Roll Call: Latest News on Capitol Hill, Congress, Politics and Elections
November 24, 2014

A New Day: 6 Questions With CQ’s David Ellis

editors006 042314 600x403 A New Day: 6 Questions With CQs David Ellis

(Tom Williams/CQ Roll Call)

A few days ago, Vice President of News David Ellis gathered every person in our newsroom.

This is my second stint at Roll Call —> CQ Roll Call —> The Economist Group, but in all the years I’ve been affiliated with this company, I had never actually seen all of our journalists gathered in one place. It was exciting.

The purpose was explaining a series of changes that are going to help our entire business stay competitive. Because CQ clients are paying customers, and most people read Roll Call online for free, our models for making money are quite different. The changes on that side of our newsroom just up the street from the Capitol don’t really affect Roll Call, but our fates are intertwined, and everyone within the organization benefits from the brains supplying CQ customers with the sharpest policy news in the industry.
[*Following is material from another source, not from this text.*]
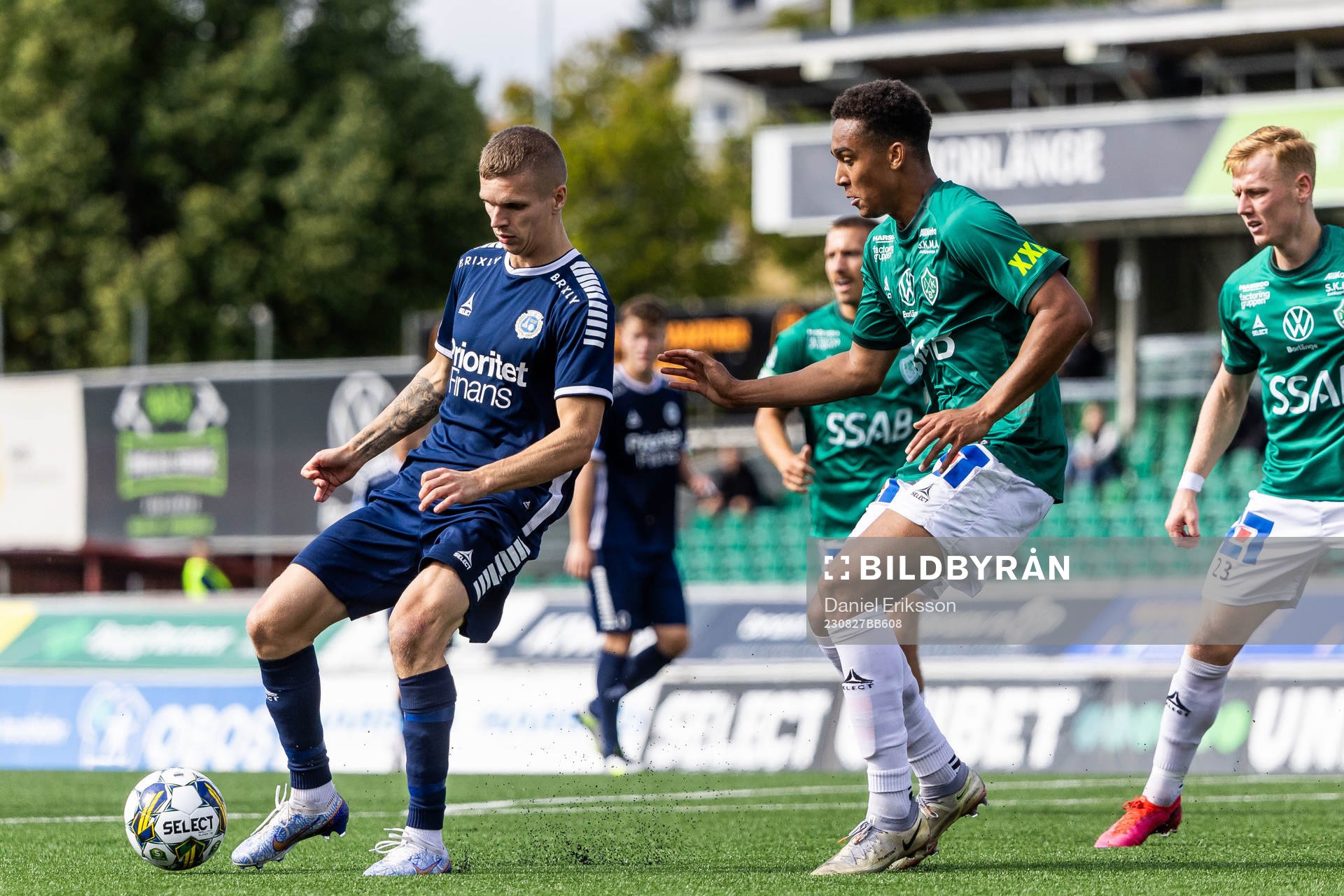 Utsiktens Lucas Hedlund och Brages Eirik Asante Gayi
David, now six weeks on the job, took the helm of this organization after many years at Bloomberg. He had already mapped out his initial plans to me over corncakes and catfish one afternoon, but seeing them in real time helped me understand the improvements.

The first thing you notice on CQ.com now are the “Today at a Glance” listings with a full congressional schedule, not far from quick news stories by our Capitol Hill team, important official documents and transcripts of pretty much everything happening in Washington. Then there are a bunch of easy to find blogs getting you up to speed on different policy topics.
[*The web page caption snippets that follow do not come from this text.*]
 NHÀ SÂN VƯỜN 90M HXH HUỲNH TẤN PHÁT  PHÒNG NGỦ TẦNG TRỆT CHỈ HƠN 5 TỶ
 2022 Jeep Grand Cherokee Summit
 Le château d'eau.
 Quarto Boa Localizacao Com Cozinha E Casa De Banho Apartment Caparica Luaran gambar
The new site also makes it easier for lobbyists, advocates and people closely tracking Congress to access our other databases. I got a tour of the site last week and learned things I didn’t know about our own company. CQ houses congressional staff names, dates and information about town halls back home, facts and figures on marital status and religion, along with a full set of info for all 50 state houses. Sitting atop a file cabinet during the presentation, David called it “the most complete directory of legislative aides and functions in the city,” which sounds about right to me. There’s even a pronunciation guide for members of Congress’ names — something I would have loved when I was the political editor of the “PBS NewsHour.” (Radel is pronounced like cradle, by the way.)

David’s newsroom talk — which concluded with the staff sharing bottles of Dogfish Head and Founders Oatmeal Stout to celebrate — had everything to do with our organization, the strength of our respective brands and what our journalists are doing inside the Capitol each and every day.
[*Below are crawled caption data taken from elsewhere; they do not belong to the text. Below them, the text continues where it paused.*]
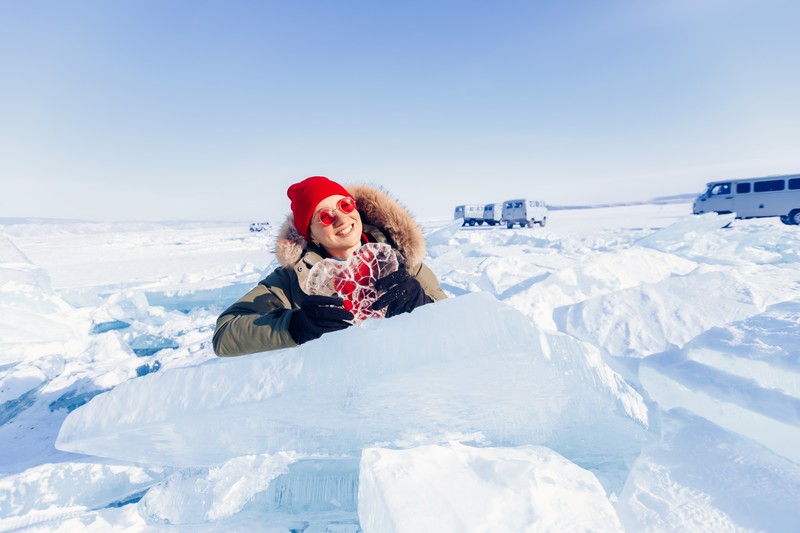 «Всё включено» на льду Байкала: тур без забот с этношоу, катанием на коньках и сибирской баней – авторский тур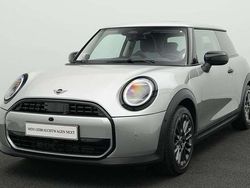 Grau Gebraucht 2024 Mini Cooper Classic Kleinwagen | 25.898 € (Fairer Preis)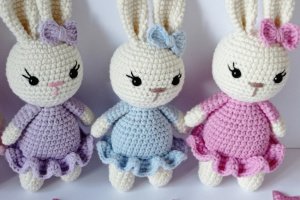Зайка в платье. Вязаная игрушка, полу хлопок. 16 см - Описание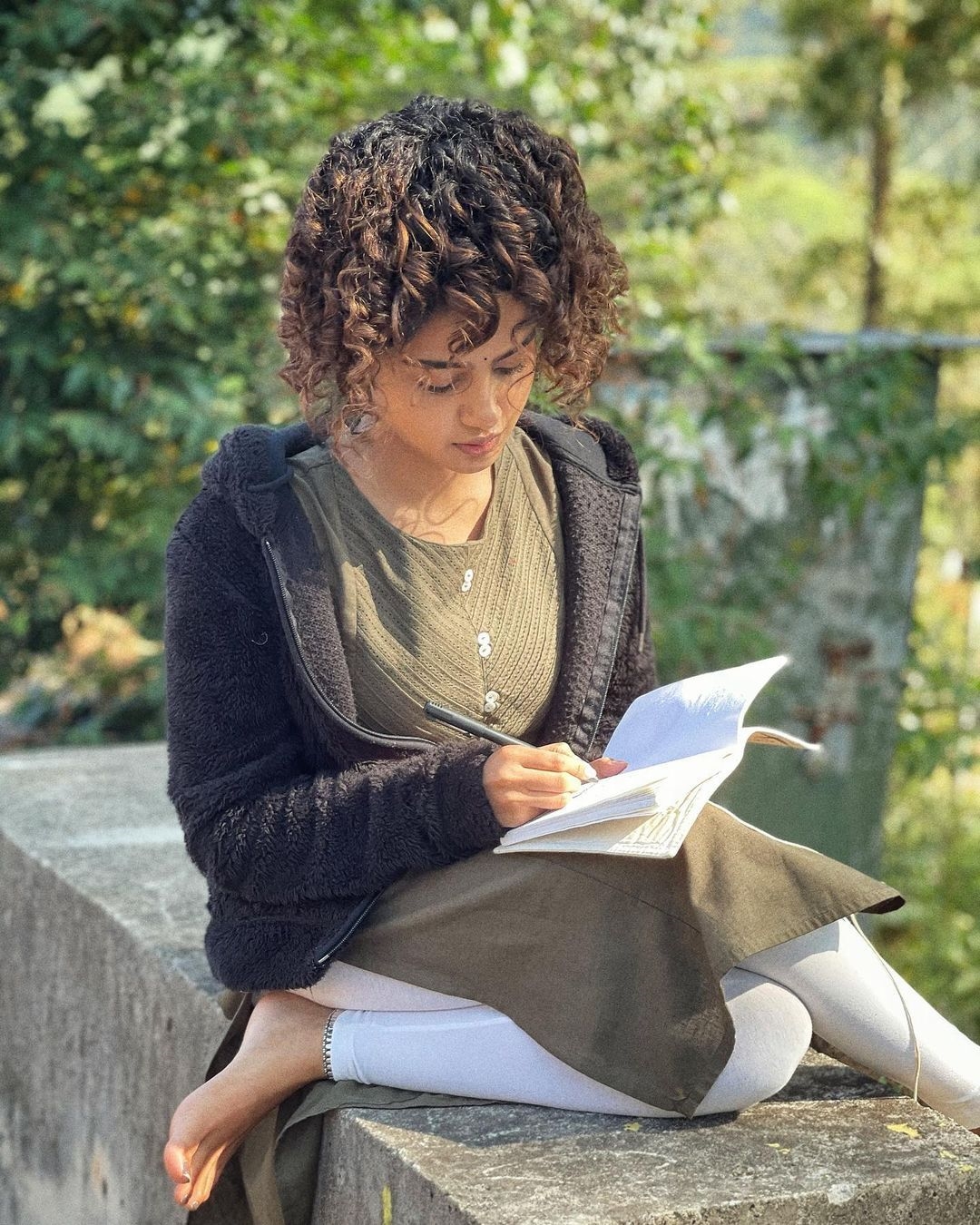 Actress Anupama Parameswaran Candid Images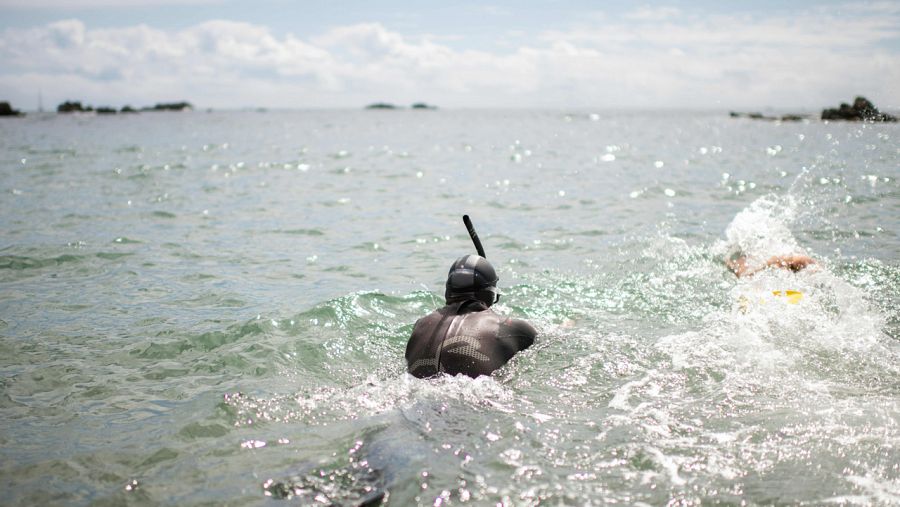 Lecomte se adentra en el océano Pacífico para nadar más de 9.000 kilómetros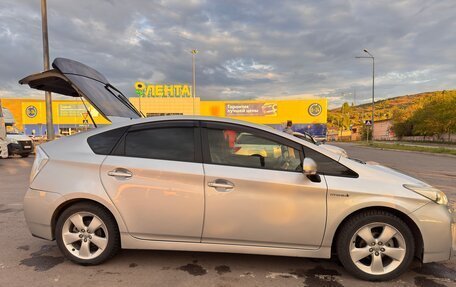 Toyota Prius, 2013 год, 1 299 000 рублей, 2 фотография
I laid out my vision for Roll Call in my first Newsroom Confidential column on Jan. 28. I have realized since taking over the paper that people don’t always know all of the cool stuff you’re doing. I wrote then:

[W]e haven’t always done the best job of explaining changes within the organization to this community, but we’re turning that around.

For example, as a loyal reader, you surely must know that everything found at rollcall.com is free, right? And that you can download our Roll Call app in a split second to make sure you get breaking news alerts and the latest news from our team. Do you follow @rollcall on Twitter?

As I heard David explaining the CQ changes to the staff during our newsroom meeting, I was thinking the same thing. I wanted to give him a chance to talk about the new CQ.com unveiled today, and what’s next.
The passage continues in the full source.